Required work
The answer must be an exact copy of the lines from the one with "foto 2 Hawker" through the final line below, with no pictures and nothing else.

------ Given data ------

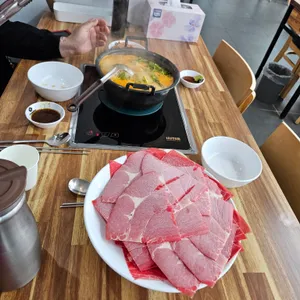 등촌샤브칼국수 사진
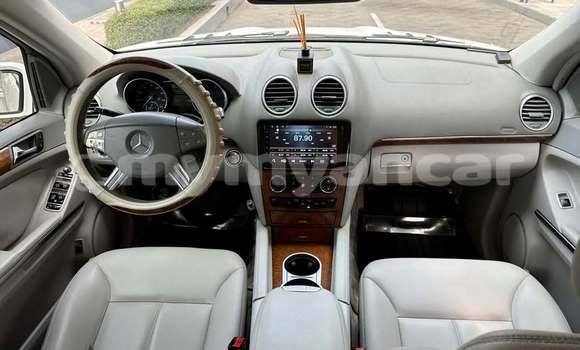 Buy Used Mercedes-Benz GL–Class White Car in Bago in Bago Buy Used Mercedes-Benz GL–Class White Car in Bago in Bago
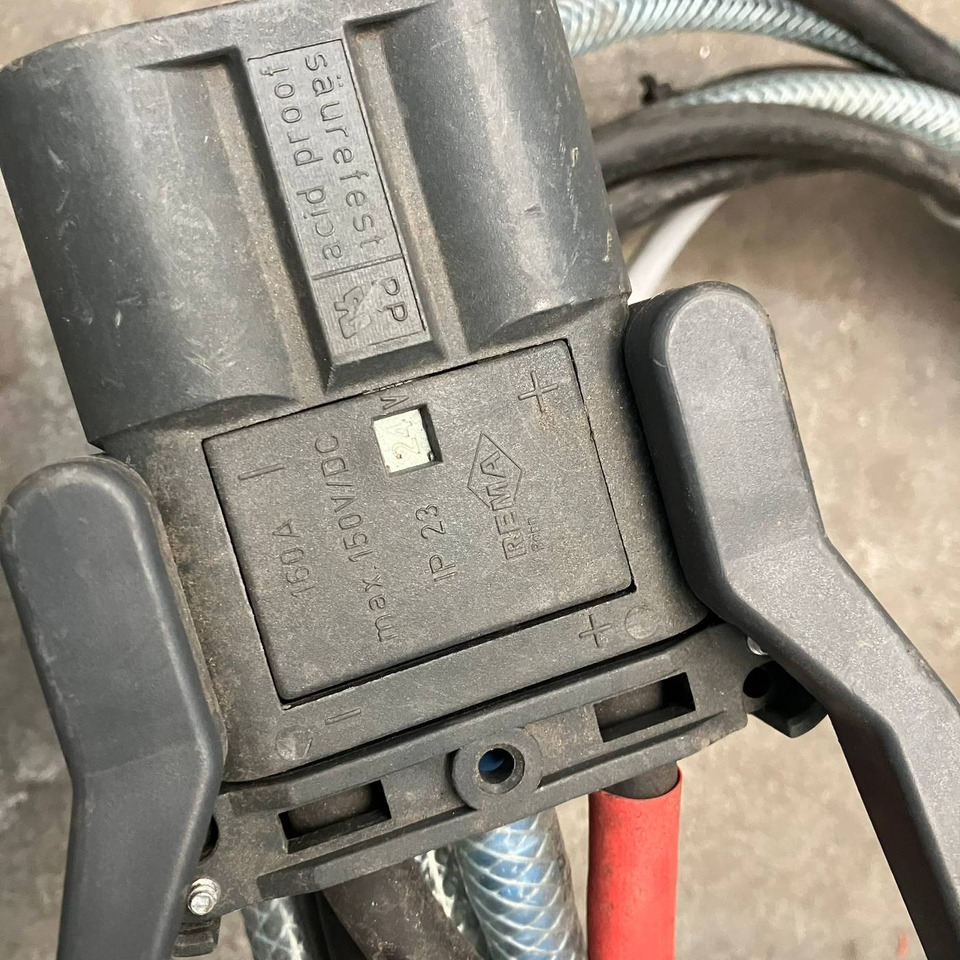 Hawker 24V/80A - Peça de reposição de Equipamento de movimentação: foto 2 Hawker 24V/80A - Peça de reposição de Equipamento de movimentação: foto 2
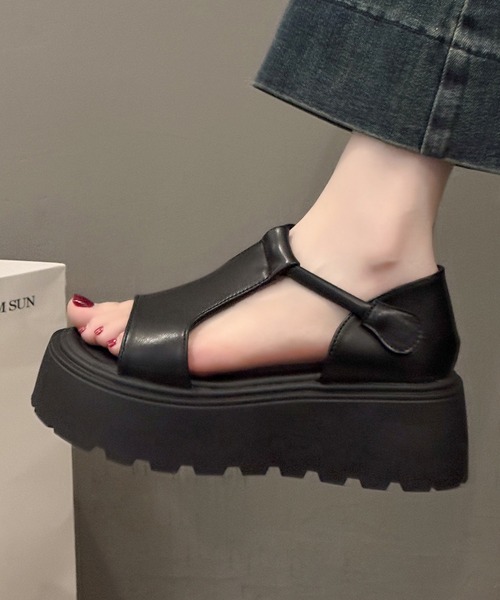 Lace Ladies（レースレディース）の「サイド オープン 厚底 コンフォート サンダル（サンダル・レディース・シルバー/ブラック・23cm/23.5cm/24cm/24.5cm/25cm/22.5cm）」の2枚目の写真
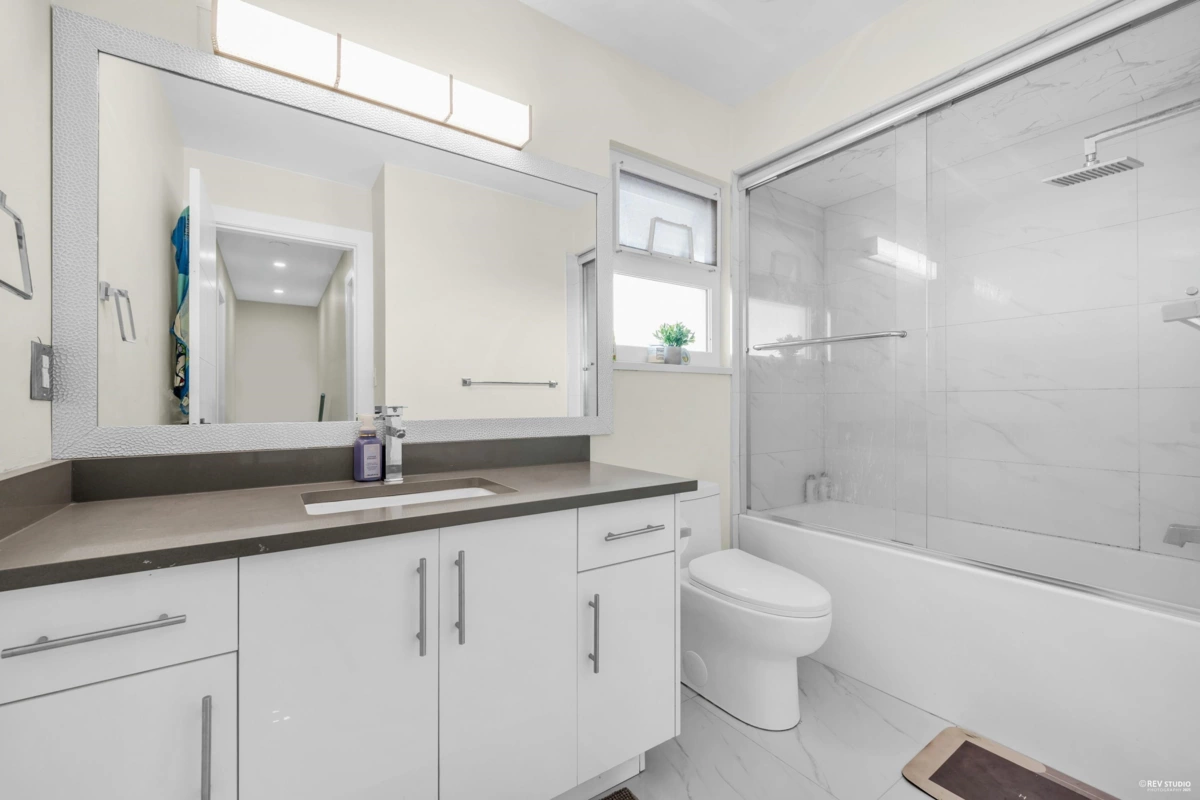 Garage Interior Photo of 11280 Caravel Court, Richmond, BC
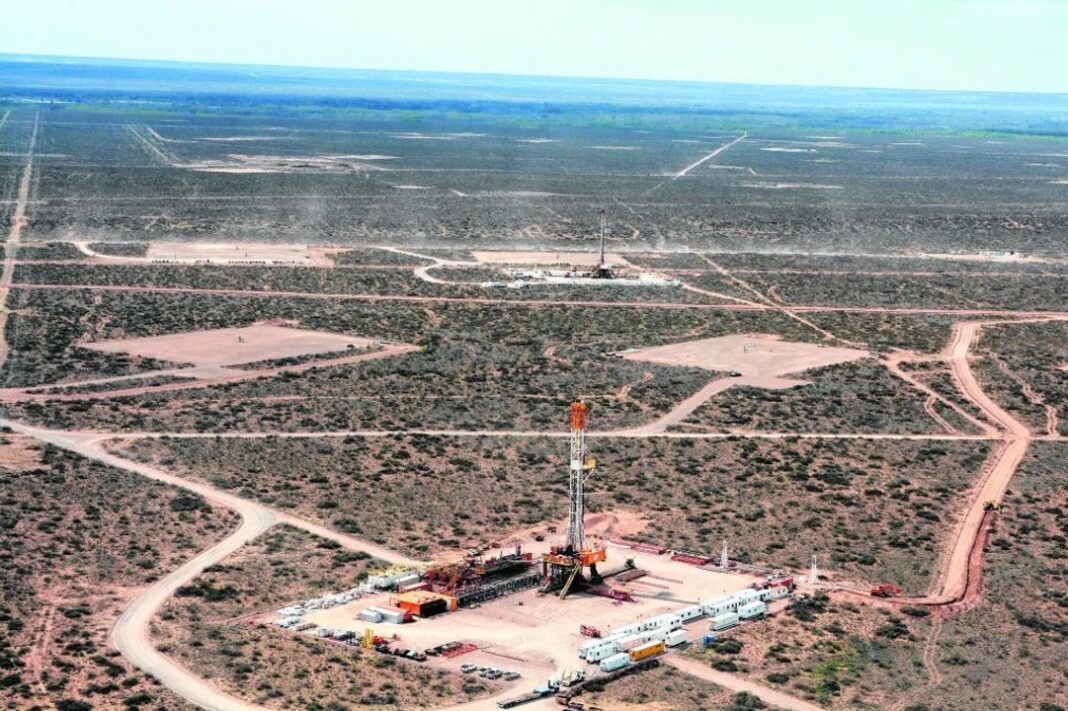 Mapa de la cuenca de Vaca Muerta con áreas licitadas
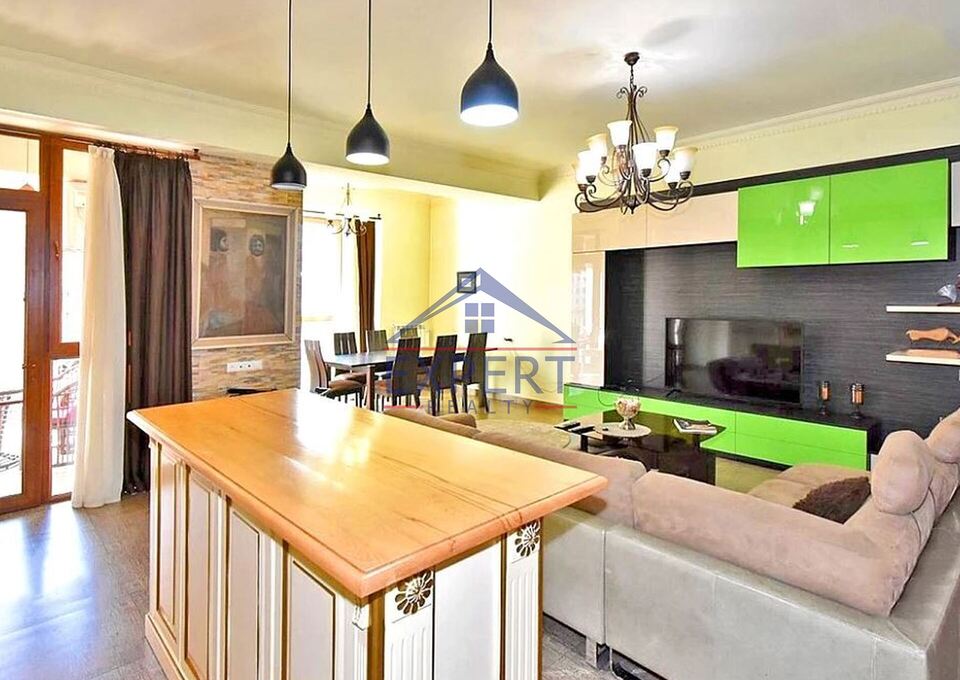 ԿԵՆՏՐՈՆ ԱՐԱՄԻ ՓՈՂՈՑ  3 ՍԵՆՅԱԿ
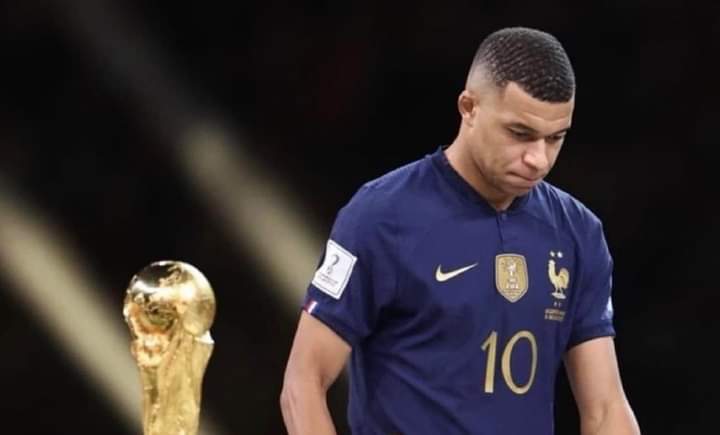 CDM-QATAR 2022: KYLIAN MBAPPÉ : ENTRE GÉNIE ET ARROGANCE, AVEZ-VOUS LE CHOIX ?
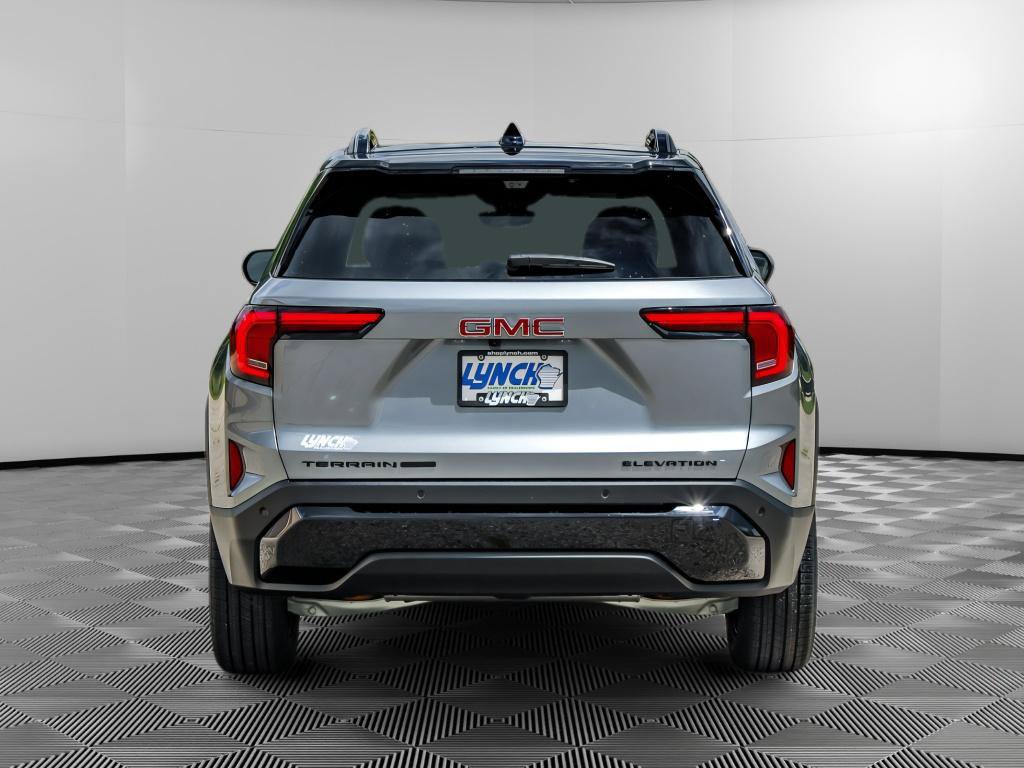 New 2027 GMC Terrain Elevation w/ Elevation Premium Package AWD/4WD image 3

------

Task response
 Hawker 24V/80A - Peça de reposição de Equipamento de movimentação: foto 2 Hawker 24V/80A - Peça de reposição de Equipamento de movimentação: foto 2
 Lace Ladies（レースレディース）の「サイド オープン 厚底 コンフォート サンダル（サンダル・レディース・シルバー/ブラック・23cm/23.5cm/24cm/24.5cm/25cm/22.5cm）」の2枚目の写真
 Garage Interior Photo of 11280 Caravel Court, Richmond, BC
 Mapa de la cuenca de Vaca Muerta con áreas licitadas
 ԿԵՆՏՐՈՆ ԱՐԱՄԻ ՓՈՂՈՑ  3 ՍԵՆՅԱԿ
 CDM-QATAR 2022: KYLIAN MBAPPÉ : ENTRE GÉNIE ET ARROGANCE, AVEZ-VOUS LE CHOIX ?
 New 2027 GMC Terrain Elevation w/ Elevation Premium Package AWD/4WD image 3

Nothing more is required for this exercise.